-1

I am making a web crawler for which I am using the following two functions:

#Each queued link is the new job
def create_jobs():
    for link in file_to_set(QUEUE_FILE):
        queue.put(link)
    queue.join()
    crawl()

#Check if there are items in the queue then solve them
def crawl():
    queued_links = file_to_set(QUEUE_FILE)
    if len(queued_links)>0:
        print(str(len(queued_links))+' links in the queue')
        create_jobs()

here crawl is called first. Sometimes while crawling the page it shows maximum recurssion depth exceeded whereas sometimes not. (I am running the same script again). Can someone explain me what's the problem?

Please note that the number of links that I need to crawl is around 100 only which is less than the limit for python.

Kevin Pandya
  • 1,036
  • 1
  • 9
  • 12

2 Answers2

1

Your function crawl calls create_jobs that calls again crawl. So, if you're not sure of your stop condition ( len(queued_links == 0) you may enter in an infinite loop, or reach the Python recursion limit.

loutre
  • 874
  • 8
  • 16
1

In create_jobs you are calling crawl, that would be okay if it was just that. But since you are also calling create_jobs from crawl, you can possibly enter an infinite loop. If you had not the condition len(queued_links) > 0, it would be an infinite loop. To prevent such problems (avoiding stack overflow), python has a recursion limit (see : What is the maximum recursion depth in Python, and how to increase it?).

The thing here is that a webpage is quite likely to contain links to other webpages, so your condition to stop the loop will not occur too often. That's why you are hitting the recursion limit.

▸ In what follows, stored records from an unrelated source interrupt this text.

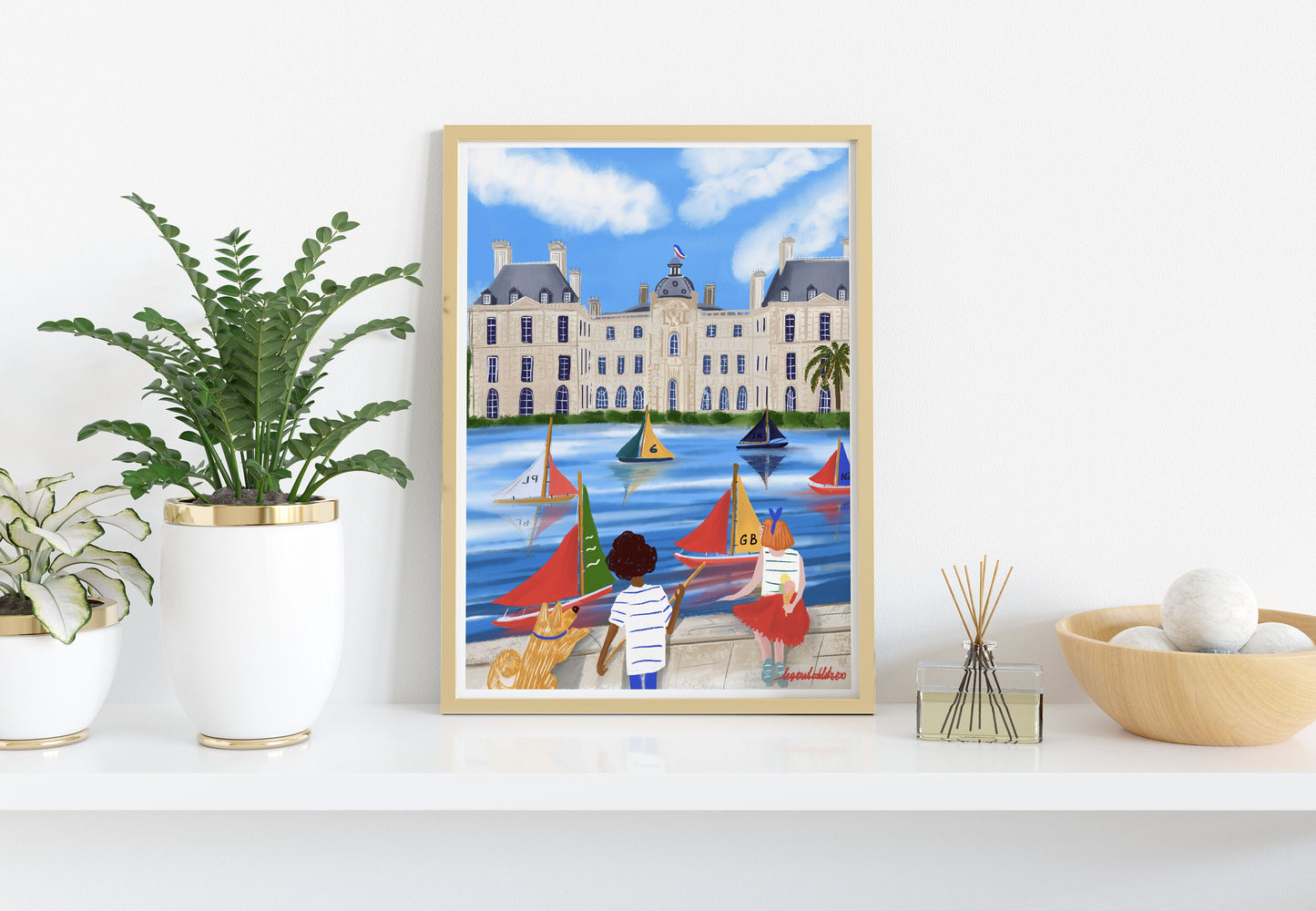 Jardin du Luxembourg children and dog poster |Paris in the summer |Palais du Luxembourg poster |Paris souvenir poster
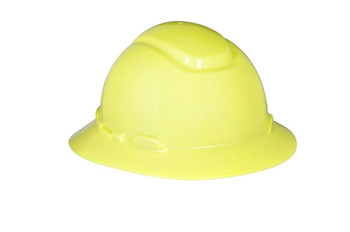3M Full Brim Hard Hat H-809R - Hi-Vis Yellow 4-Point Ratchet Suspension - 20 EA/Case
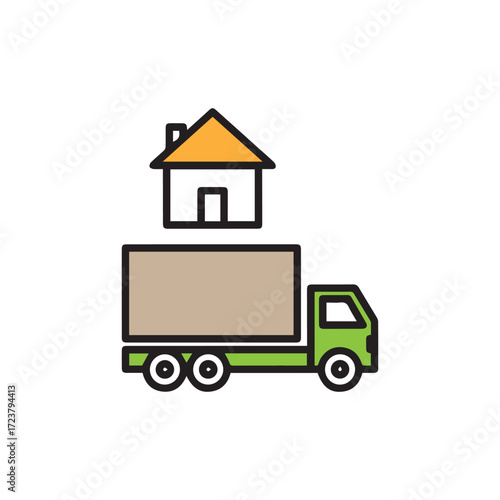 Moving Truck and House Icon: Home Relocation and Delivery Service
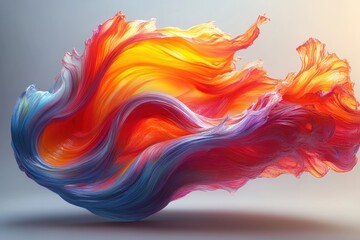 This artwork features vibrant swirling colors that evoke energy and dynamic motion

You can increase this limit by doing the following (snippet of code taken here : Python: Maximum recursion depth exceeded), but I would not advise you to do that:

import sys
sys.setrecursionlimit(10000) # 10000 is an example, try with different values

The good approach to solve this problem would be to change the design of your algorithm to something like this (basically you iterate over an array that you populate while crawling, instead of making recursive calls):

def crawl(url):
    return [url+'a', url+'b']

links = ['foo', 'bar']
for link in links:
    links.extend(crawl(link))

Regarding the fact that sometimes your algorithm works and sometimes not, it is quite likely that the pages change over time, if you are really close to the recursion limit it might me that depending on which pages were generated you hit that limit or not.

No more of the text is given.